Concepts

Concepts

A whirlwind tour of the things you’ll be working with. If you’ve used Pusher Channels, every term here means exactly what it does there.

Apps

An app is a logical container with its own credentials and limits. One Mawjly account can have many apps (your plan caps how many). Each app has:

  • App ID — public numeric identifier (e.g. 6855671).
  • Key — public, ships in client-side code.
  • Secret — server-only, signs HTTP API calls and channel auth tokens. Never expose it in a browser bundle.
  • Cluster — the region the app’s WebSocket cluster runs in (currently always sa).

You manage apps from the dashboard at /dashboard/apps.

Connections

Every browser tab, mobile app, or server-side socket that opens a WebSocket to Mawjly counts as one connection. Your plan limits the maximum number of concurrent connections.
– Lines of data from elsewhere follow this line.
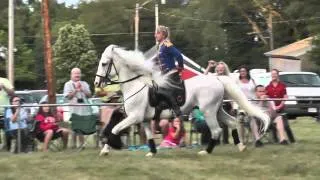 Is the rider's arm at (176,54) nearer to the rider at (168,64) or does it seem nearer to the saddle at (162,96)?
the rider at (168,64)

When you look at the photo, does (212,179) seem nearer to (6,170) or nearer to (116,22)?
(6,170)

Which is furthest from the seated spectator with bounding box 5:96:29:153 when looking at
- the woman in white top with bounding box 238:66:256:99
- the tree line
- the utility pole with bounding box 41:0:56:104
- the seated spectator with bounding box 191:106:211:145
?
the tree line

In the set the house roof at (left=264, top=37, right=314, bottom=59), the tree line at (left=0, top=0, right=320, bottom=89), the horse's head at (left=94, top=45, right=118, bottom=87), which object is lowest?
the horse's head at (left=94, top=45, right=118, bottom=87)

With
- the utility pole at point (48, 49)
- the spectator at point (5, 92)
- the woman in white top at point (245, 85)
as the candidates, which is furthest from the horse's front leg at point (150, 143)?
the utility pole at point (48, 49)

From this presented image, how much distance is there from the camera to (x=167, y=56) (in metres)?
11.6

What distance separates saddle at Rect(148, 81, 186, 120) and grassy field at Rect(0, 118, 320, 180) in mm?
828

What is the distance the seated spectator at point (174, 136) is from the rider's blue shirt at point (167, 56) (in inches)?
103

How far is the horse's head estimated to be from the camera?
11.4m

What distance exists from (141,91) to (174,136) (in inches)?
120

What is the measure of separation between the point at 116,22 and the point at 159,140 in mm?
70845

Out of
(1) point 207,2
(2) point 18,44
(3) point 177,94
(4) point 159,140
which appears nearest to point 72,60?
(2) point 18,44

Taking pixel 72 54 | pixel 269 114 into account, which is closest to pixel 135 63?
pixel 269 114

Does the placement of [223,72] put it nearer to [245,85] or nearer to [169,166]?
[245,85]

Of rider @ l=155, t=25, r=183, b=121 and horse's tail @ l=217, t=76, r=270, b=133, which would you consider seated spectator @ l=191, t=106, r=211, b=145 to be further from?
rider @ l=155, t=25, r=183, b=121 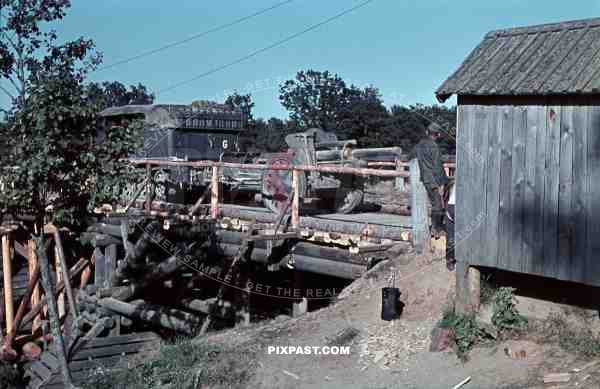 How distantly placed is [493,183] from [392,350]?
2118 millimetres

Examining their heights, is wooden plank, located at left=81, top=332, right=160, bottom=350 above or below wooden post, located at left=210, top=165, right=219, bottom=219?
below

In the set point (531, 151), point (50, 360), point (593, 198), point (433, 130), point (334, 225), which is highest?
point (433, 130)

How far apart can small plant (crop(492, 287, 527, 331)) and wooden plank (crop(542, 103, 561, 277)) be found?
2.14ft

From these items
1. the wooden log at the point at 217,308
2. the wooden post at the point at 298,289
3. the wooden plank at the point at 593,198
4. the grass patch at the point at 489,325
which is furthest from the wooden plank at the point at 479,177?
the wooden log at the point at 217,308

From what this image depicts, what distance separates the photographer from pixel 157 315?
12.6 metres

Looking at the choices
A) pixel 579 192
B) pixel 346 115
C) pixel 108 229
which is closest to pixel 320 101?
pixel 346 115

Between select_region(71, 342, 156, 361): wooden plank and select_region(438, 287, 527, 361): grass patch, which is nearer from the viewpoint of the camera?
select_region(438, 287, 527, 361): grass patch

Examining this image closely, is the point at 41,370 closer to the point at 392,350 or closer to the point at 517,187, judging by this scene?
the point at 392,350

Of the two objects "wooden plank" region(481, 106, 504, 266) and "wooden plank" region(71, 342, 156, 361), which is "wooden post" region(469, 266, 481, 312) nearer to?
"wooden plank" region(481, 106, 504, 266)

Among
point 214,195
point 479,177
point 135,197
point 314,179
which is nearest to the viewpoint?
point 479,177

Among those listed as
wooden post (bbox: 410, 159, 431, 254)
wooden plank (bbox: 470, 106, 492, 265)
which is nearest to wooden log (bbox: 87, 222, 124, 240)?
wooden post (bbox: 410, 159, 431, 254)

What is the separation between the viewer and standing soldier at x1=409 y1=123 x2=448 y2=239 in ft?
31.8

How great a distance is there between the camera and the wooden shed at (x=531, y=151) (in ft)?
24.0

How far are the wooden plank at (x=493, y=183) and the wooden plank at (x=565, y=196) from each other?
73 centimetres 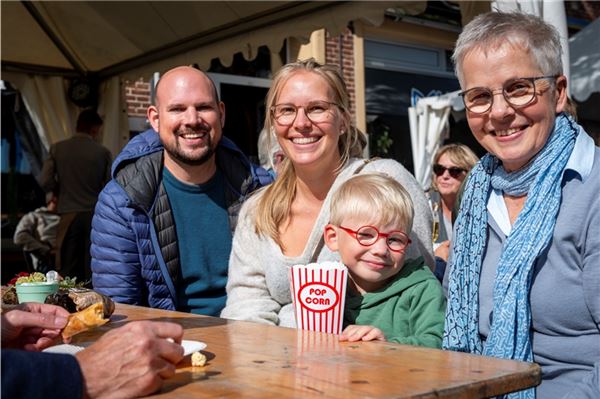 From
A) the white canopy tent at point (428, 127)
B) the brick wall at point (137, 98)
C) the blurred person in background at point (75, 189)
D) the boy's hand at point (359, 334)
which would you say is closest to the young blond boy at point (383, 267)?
the boy's hand at point (359, 334)

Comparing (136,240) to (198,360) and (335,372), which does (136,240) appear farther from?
(335,372)

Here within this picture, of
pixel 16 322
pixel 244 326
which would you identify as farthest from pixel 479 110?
pixel 16 322

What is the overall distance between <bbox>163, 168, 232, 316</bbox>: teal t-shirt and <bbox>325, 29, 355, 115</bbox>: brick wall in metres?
8.84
A connection is just transport — it doesn’t do anything on its own. To send and receive events, the connection has to subscribe to a channel.

Channels

A channel is a named pub/sub topic. Anyone subscribed to a channel receives every event published to it.

Channel name conventions determine behavior:

PrefixTypeAuthUse case
(none)PublicNoneOpen broadcasts, public chat rooms, live tickers
private-PrivateServer signs subscriptionPer-user inboxes, paid features
presence-PresenceServer signs subscription + provides member infoMultiplayer games, “who’s online” lists
private-encrypted-EncryptedServer signs + payloads E2E encryptedHIPAA / PII / secrets where Mawjly should never see content

Full channel guide →

Events

An event is a message published to a channel. Anyone subscribed receives it within ~50ms (Riyadh region) or whatever WebSocket round-trip your client is from the cluster.

Events have:

  • Channel — where it’s published.
  • Event name — your application-defined string (e.g. message, typing, order.shipped). Names must match [A-Za-z0-9_\-:.]+.
  • Data — JSON payload. Pusher’s HTTP API requires it be a string; the SDKs serialize it for you.

Triggers

Events are published from your backend via the HTTP API (or via an SDK that wraps it). Browsers can publish too via client events if your app has them enabled, but only on private- and presence- channels.

HTTP API reference →

Webhooks

Mawjly can POST events back to your server when interesting things happen — a channel becomes occupied, a user joins/leaves a presence channel, a client publishes a client event. You configure webhooks per app in the dashboard. Each delivery is HMAC-signed; verify the signature before trusting the payload.

Webhooks reference →

What’s outside the scope of this protocol

  • Persistent message history — Pusher Channels (and Mawjly) don’t replay past events to new subscribers by default. If you need history, store events in your own database and let new subscribers fetch the backlog before connecting.
  • Mobile push notifications — separate product (Pusher Beams). Mawjly doesn’t ship this.
  • Native client SDKs by us — we don’t ship our own SDK; the official Pusher SDK in every supported language works unchanged.